Only the lines from the one that includes "a man stands" through the last line below belong in the reply, copied exactly and without pictures.

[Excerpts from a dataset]

***

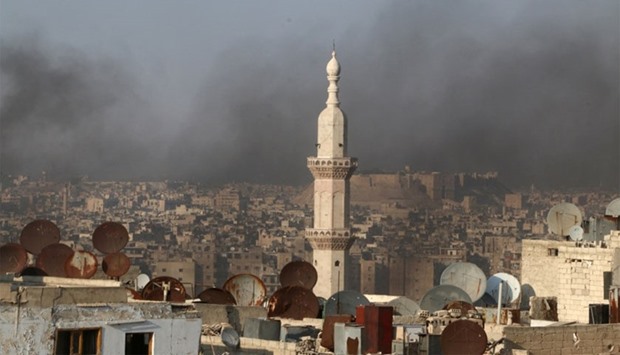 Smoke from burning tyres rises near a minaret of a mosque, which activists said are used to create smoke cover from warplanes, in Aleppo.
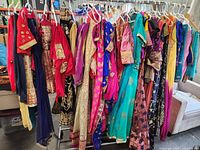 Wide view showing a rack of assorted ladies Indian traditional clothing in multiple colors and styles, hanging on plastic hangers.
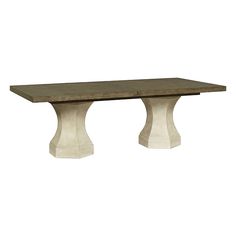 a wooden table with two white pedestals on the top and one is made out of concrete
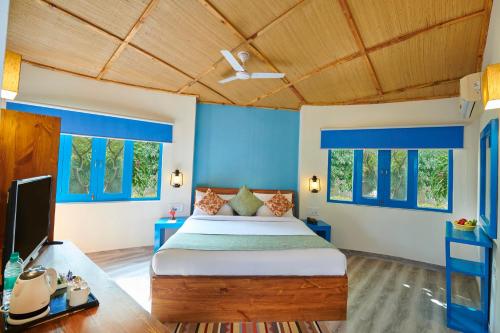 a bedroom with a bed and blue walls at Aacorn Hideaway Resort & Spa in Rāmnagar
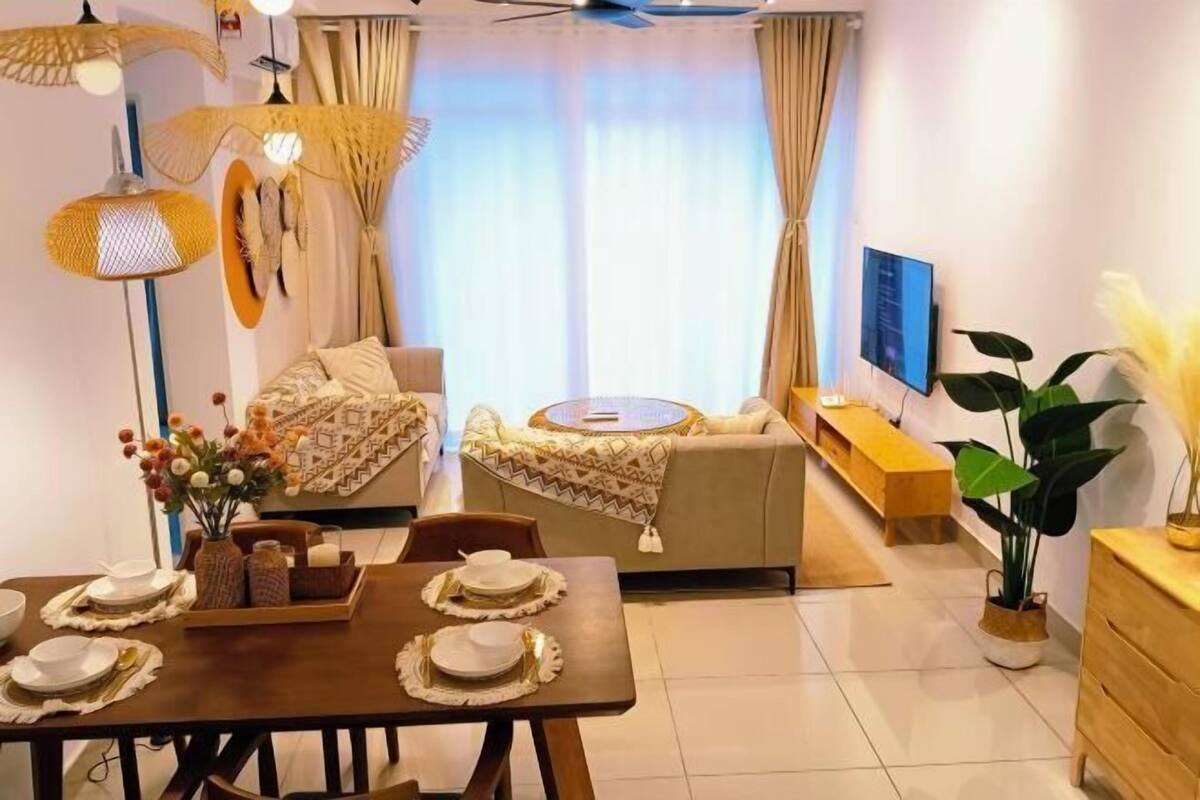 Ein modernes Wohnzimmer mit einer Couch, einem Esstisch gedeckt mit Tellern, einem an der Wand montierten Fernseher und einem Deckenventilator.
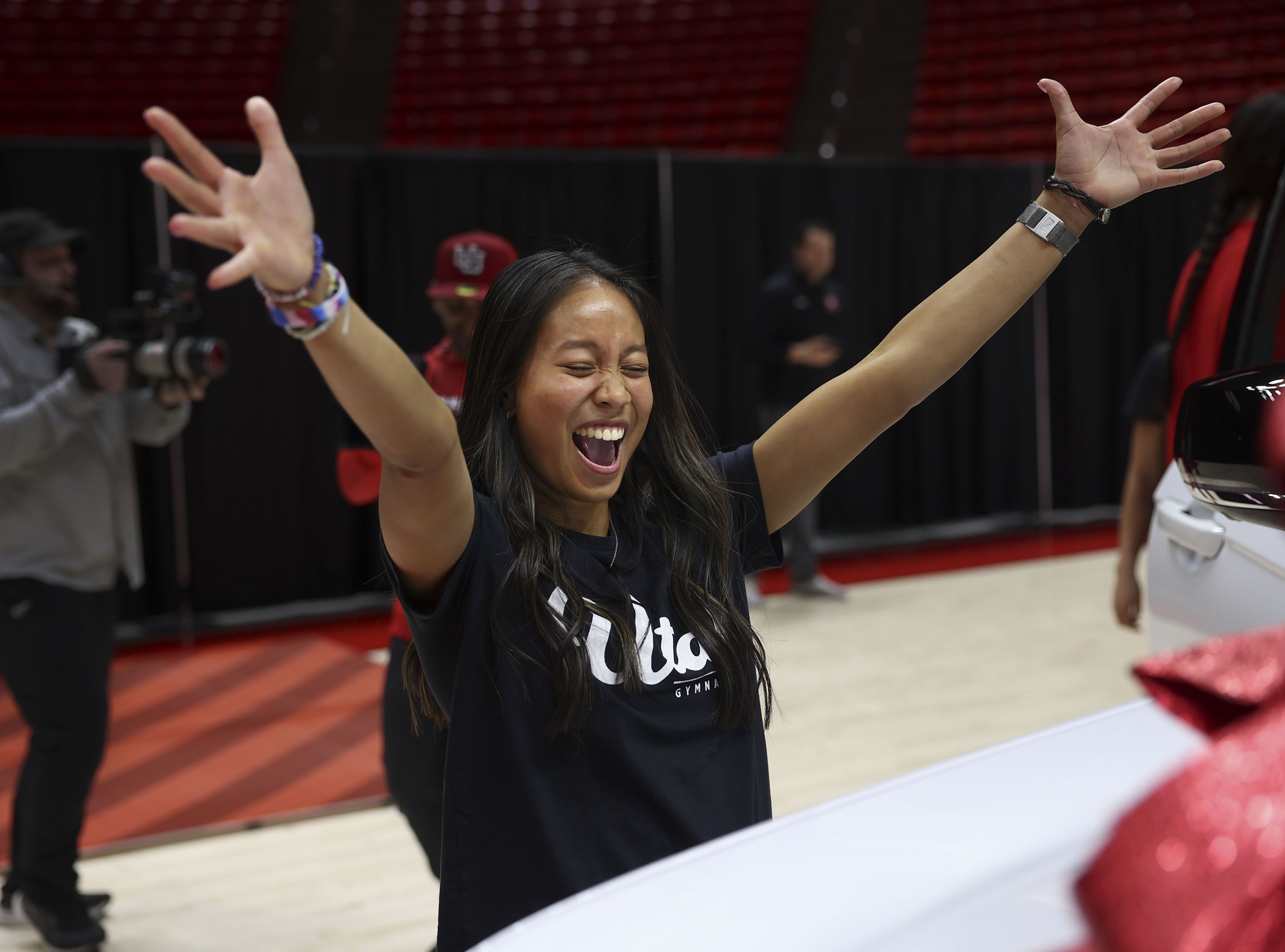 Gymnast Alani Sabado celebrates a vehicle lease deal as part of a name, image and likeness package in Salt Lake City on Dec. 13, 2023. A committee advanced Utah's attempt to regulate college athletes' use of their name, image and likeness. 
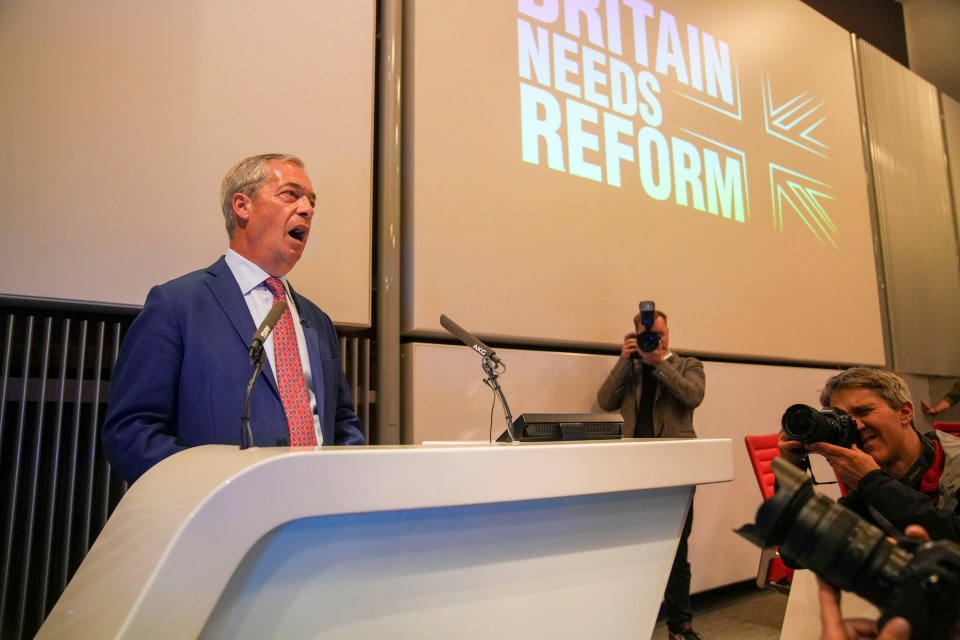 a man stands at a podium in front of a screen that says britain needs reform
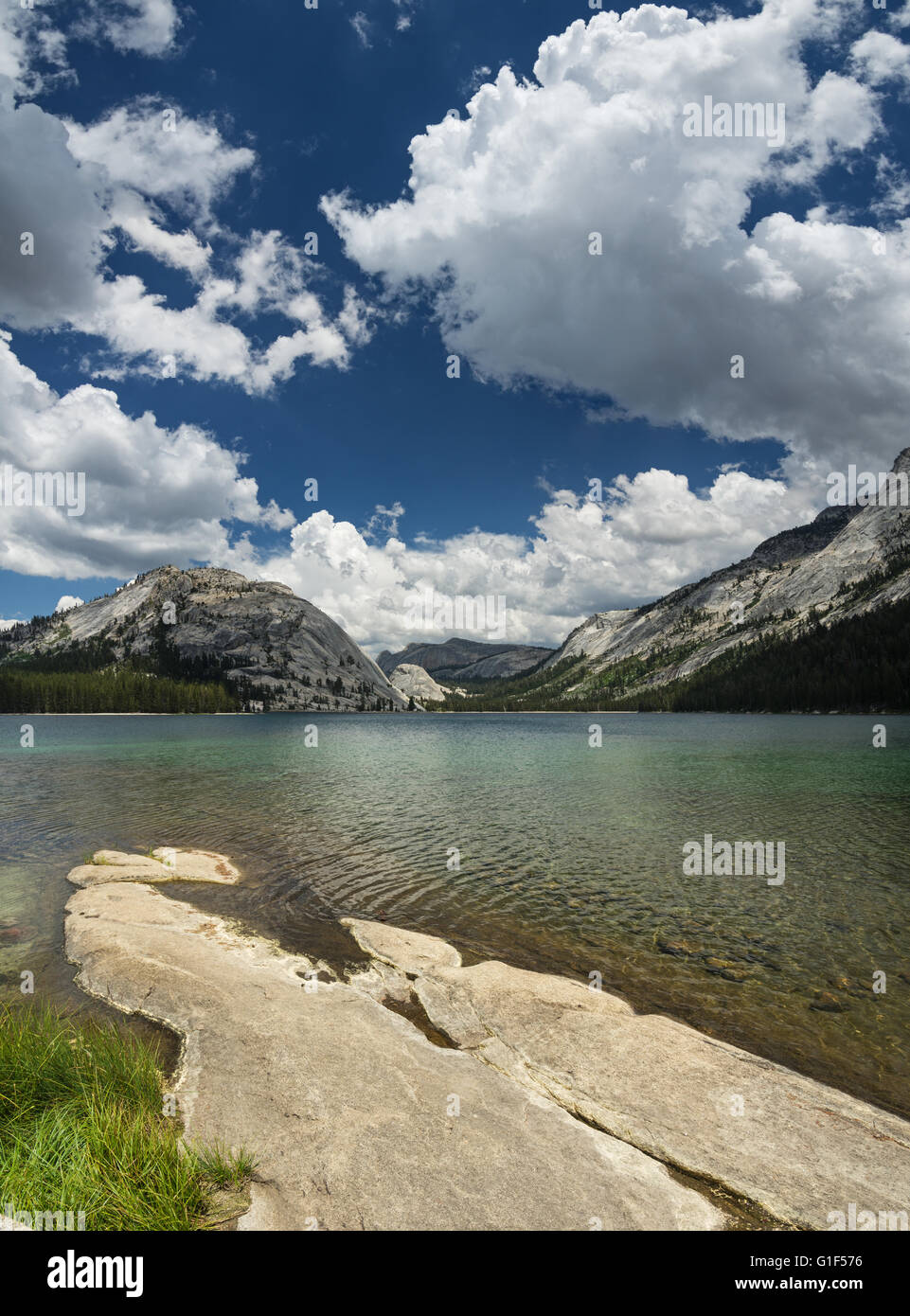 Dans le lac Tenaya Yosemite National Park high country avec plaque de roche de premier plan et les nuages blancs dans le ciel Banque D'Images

***

Response below>
 a man stands at a podium in front of a screen that says britain needs reform
 Dans le lac Tenaya Yosemite National Park high country avec plaque de roche de premier plan et les nuages blancs dans le ciel Banque D'Images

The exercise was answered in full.